Though the economic pain has been more self-inflicted than the result of limited sanctions imposed by the U.S. and European Union, the sanctions have helped create panic that has prompted investors and businesses to pull $70 billion out of the country in the first quarter after having withdrawn $63 billion in all of 2013.
“The deteriorating geopolitical situation has already had a negative impact on Russia’s economy,” said John Piecuch of Standard & Poor’s Corp., which last week warned that the outlook for Russia’s debt and economy had darkened. S&P said growth in Russia this year will slow further from the anemic 1.3 percent rate posted last year.
Some analysts say the Russian central bank’s emergency efforts to stem the ruble’s 10 percent nose dive against the U.S. dollar this year could push Russia into a recession. Rather than nurturing economic growth, the central bank has had to raise interest rates dramatically and sell $11 billion out of Russia’s $500 billion war chest of reserves to defend the currency.
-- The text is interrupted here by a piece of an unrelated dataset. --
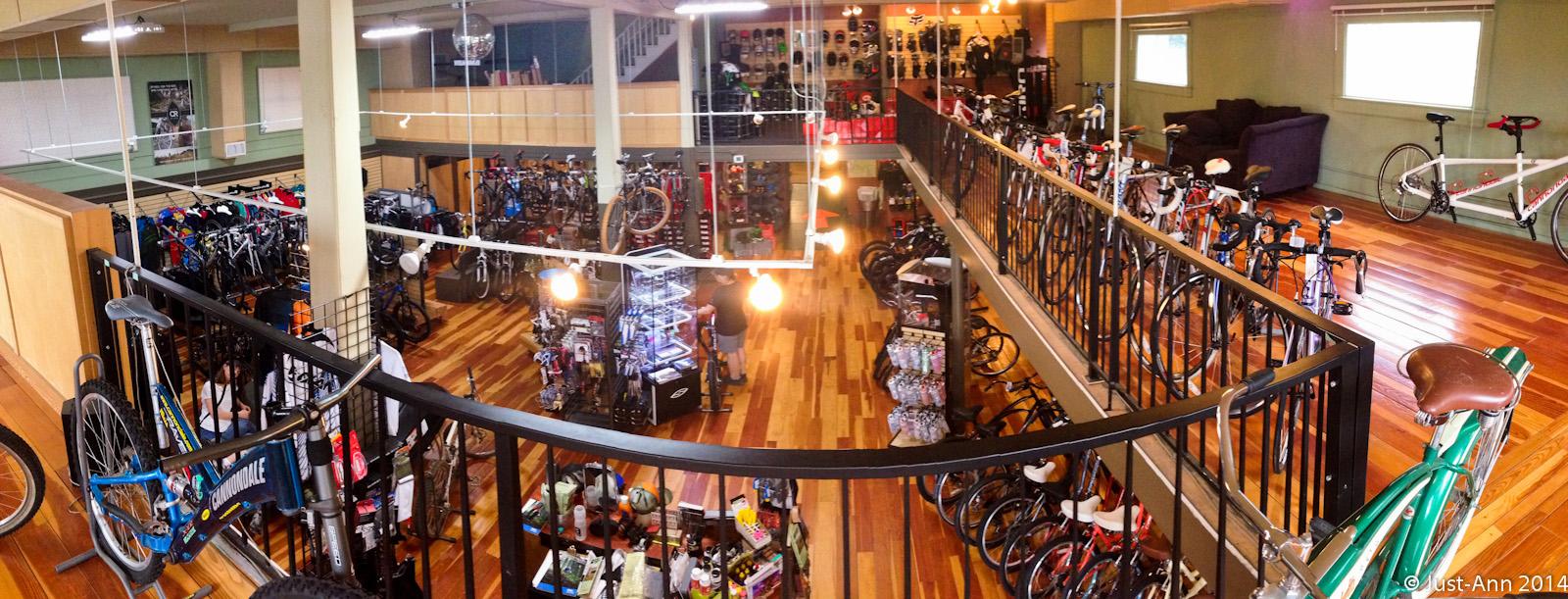 A spacious indoor bicycle shop featuring multiple rows of bikes and cycling accessories. The scene includes wooden flooring, bright lighting, and displays of helmets and gear. A railing overlooks the main floor, where customers are browsing and shopping among a variety of bicycles and equipment.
Russian Economy Minister Alexei Ulyukayev acknowledged the dire situation Monday by telling reporters that growth in the first quarter likely will clock in at “around zero.” But he insisted that Russia will have to contend more with stagnation than recession this year.
Beyond snuffing out growth and driving up interest rates and inflation, casualties of the Crimean takeover include hopes that Russia would pursue free market reforms to make its economy less corrupt, government-centered and dependent on the sale of oil, gas and other commodities, Mr. Piecuch said.
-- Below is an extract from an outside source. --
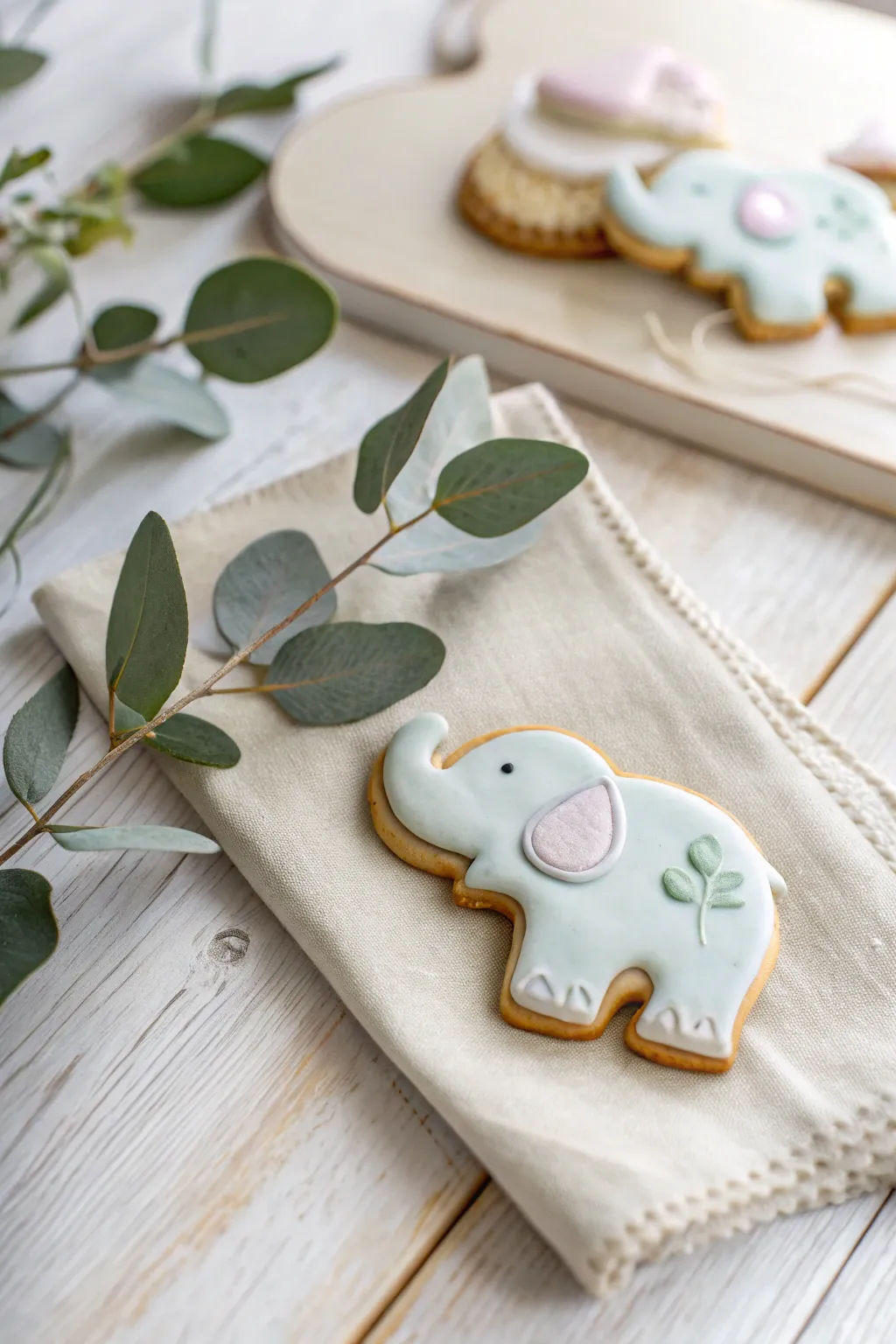 Charming baby elephant cookie with a heartwarming touch, perfect for your minimalist baby shower!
“Russia is not totally invincible and in some ways the damage is already done,” with its economy suffering for the foreseeable future, said Lilit Gevorgyan, European economist for IHS Global Insight.
“The fear of interstate war in the past weeks made the investor community rethink their future plans with regards to Russia, which already had a troublesome profile with private investors,” she said.
The stampede from the country and the threat of further sanctions from the West raise major questions about whether the extensive ties Russia cultivated with Western businesses in the past two decades were for naught.
“The lost future business opportunities is something that would be hard to quantify but expected to be felt by the Russian economy, especially if the standoff with the West continues for an extended period of time,” Ms. Gevorgyan said. “It is not only the capital but also the Western know-how that Russia needs to overhaul its economy, and these are unlikely to come in when diplomatic relations are frozen.”
The light-handed sanctions imposed by the U.S. and EU last week, targeted at government officials and business people close to President Vladimir Putin, will cause little immediate economic pain beyond Russia’s weak markets, nor will they prompt Mr. Putin to reverse his takeover of Crimea, she said.
The U.S. and EU are considering more severe sanctions targeting Russian companies, but European nations — which have far more extensive trade ties with Russia than the U.S. — are wary unless Moscow attempts further aggressions in Ukraine or elsewhere in Eastern Europe.
Ms. Gevorgyan said sanctions would have to be onerous to have any significant effect and in the end are unlikely to work.